Hey I would like to extract names from a text - my identifying pattern is that names will always start with a capital letter and there will be two or three words with a capital letter in a row. Furthermore, I account for the fact that there could be an author called "Jack Jr. Bones" - so I make the "." optional. The last case could be that there is an institution in the text with an article e.g. "the Robert Brown theater, so I would like to exclude all cases, where the two/three words with a capital letter are preceded by a "the". I do this by using a negative lookbehind:
test <- test <- "A beautiful day for Jack Bones ended in the Robert Brown theater"
str_extract(test, "(?<!the\\s)(([A-Z][\\w]+\\s[A-Z][\\w]+[[:punct:]]?\\s[A-Z][\\w]+)|([A-Z][\\w]+\\s[A-Z][\\w]+))")
[1] "Jack Bones"
But now I am facing the following problem: if a sentence starts with "The Robert Brown theater" then I will match this pattern too. I thought I can be smart and just add "(?i) in the negative look behind, but it turn out it does not work
test <- "The Robert Brown theater was nice, but Jack Bones did not enjoy his time there"
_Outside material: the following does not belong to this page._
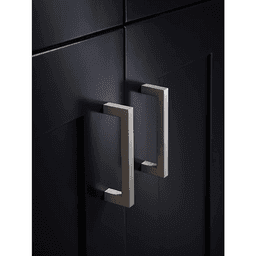 Versatile and stylish Asbury collection by Top Knobs in Polished Nickel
str_extract(test, "(?<!(?i)the\\s)(([A-Z][\\w]+\\s[A-Z][\\w]+[[:punct:]]?\\s[A-Z][\\w]+)|([A-Z][\\w]+\\s[A-Z][\\w]+))")
[1] "The Robert Brown"
Another idea was to just add an or condition
str_extract(test, "(?<!(the\\s|The\\s))(([A-Z][\\w]+\\s[A-Z][\\w]+[[:punct:]]?\\s[A-Z][\\w]+)|([A-Z][\\w]+\\s[A-Z][\\w]+))")
[1] "The Robert Brown"
Then I tried if it would work if a use only "The" in the negative look behind and I discovered that even this would not work
str_extract(test, "(?<!The\\s)(([A-Z][\\w]+\\s[A-Z][\\w]+[[:punct:]]?\\s[A-Z][\\w]+)|([A-Z][\\w]+\\s[A-Z][\\w]+))")
[1] "The Robert Brown"
Now I am a little bit clueless. I do not understand why the negative look behind works with "the", but fails to work if I condition on "The". I would appreciate any help and insight!